Santa Maria Foodservice also expects chimichurri, an Argentine blend of parsley, garlic, olive oil, oregano and red wine vinegar, to make a breakthrough this year. "We know younger consumers (under 45) are more likely to choose spicier lunch options than their older counterparts, and ‘five-a-day eaters' – consumers who tend to avoid meat in favour of vegetables for weekday lunches – are particularly keen, with 41% enjoying a spicier lunch," says Simon Solway, country manager out of home, UK and Ireland, Santa Maria Foodservice.
Healthy and vegan
There's still plenty of demand for healthier options, and a couple of interesting contenders are emerging. The recently relaunched Tanya's Just Real is a selection of sauces that aim to replicate the benefits of home-cooked food. The six-strong range includes Cucumber Blunder, a combination of Japanese and Malaysian flavours, and Fiery Fiasco, which mixes Thai and Spanish influences. All can be used hot to coat and cook or in a stir-fry, or cold as dips, condiments or dressings.
"In essence we are offering cooking from scratch in a bottle," says founder and owner Tanya Robertson-Lambert. "Our products are 70% and above fresh veg, herbs and fruit, cold pressed, not heated.

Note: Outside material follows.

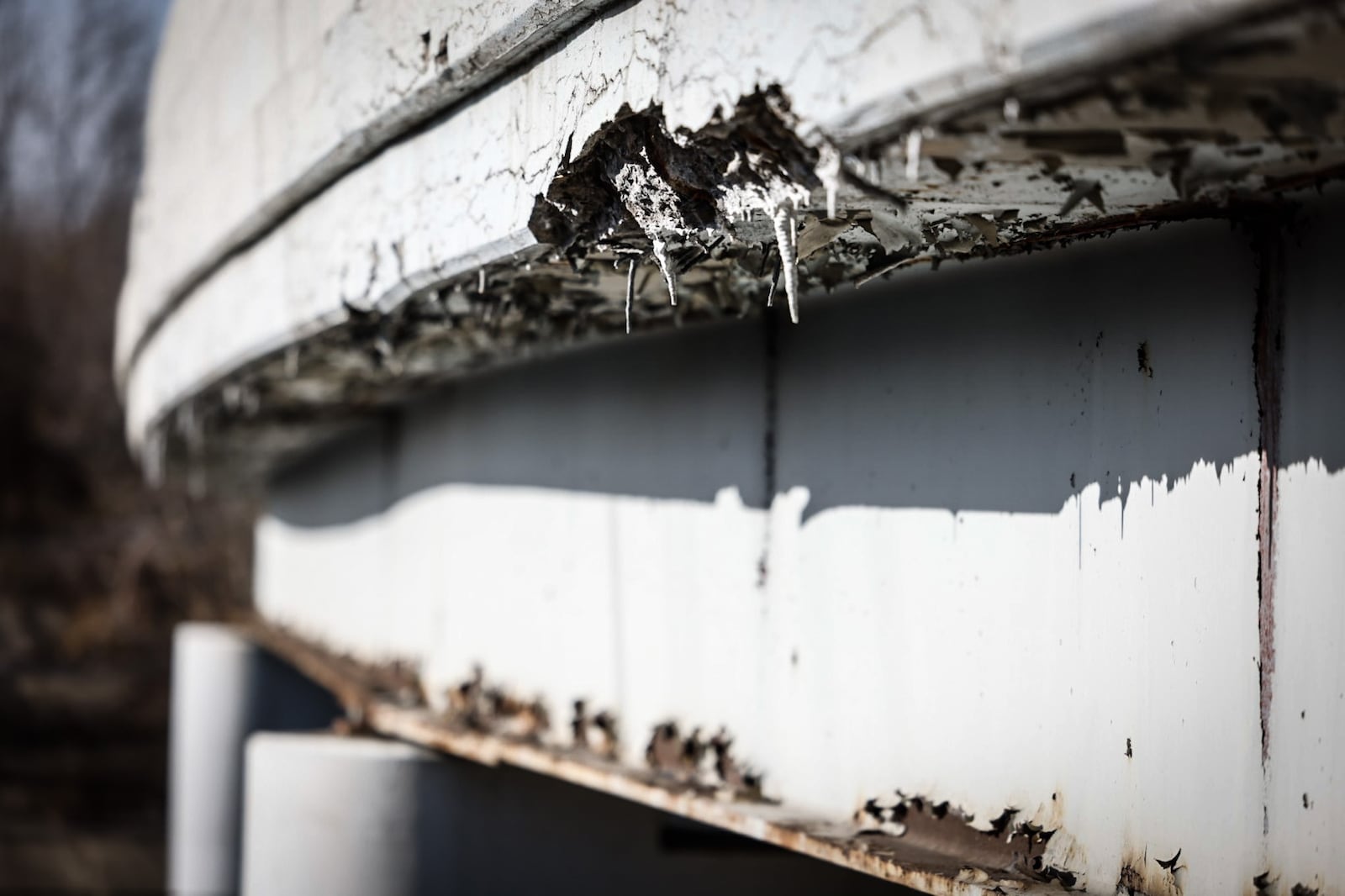 The concrete on the Ohio 4 bridge over Webster Street in Dayton is deteriorating. Construction to repair the bridge is scheduled to be begin in spring 2023, according to the Ohio Department of Transportation. JIM NOELKER/STAFF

There's no added salt, no refined sugar, no preservatives, no chemicals, no manufactured gums or acids, they're never pasteurised and naturally they're vegan."
Also filling the gap for vegan sauces is Follow Your Heart Vegenaise, which offers both a sriracha and a chipotle variety and a horseradish sauce in its extensive collection of vegan mayos. Britain's spice revolution, it seems, is just hotting up.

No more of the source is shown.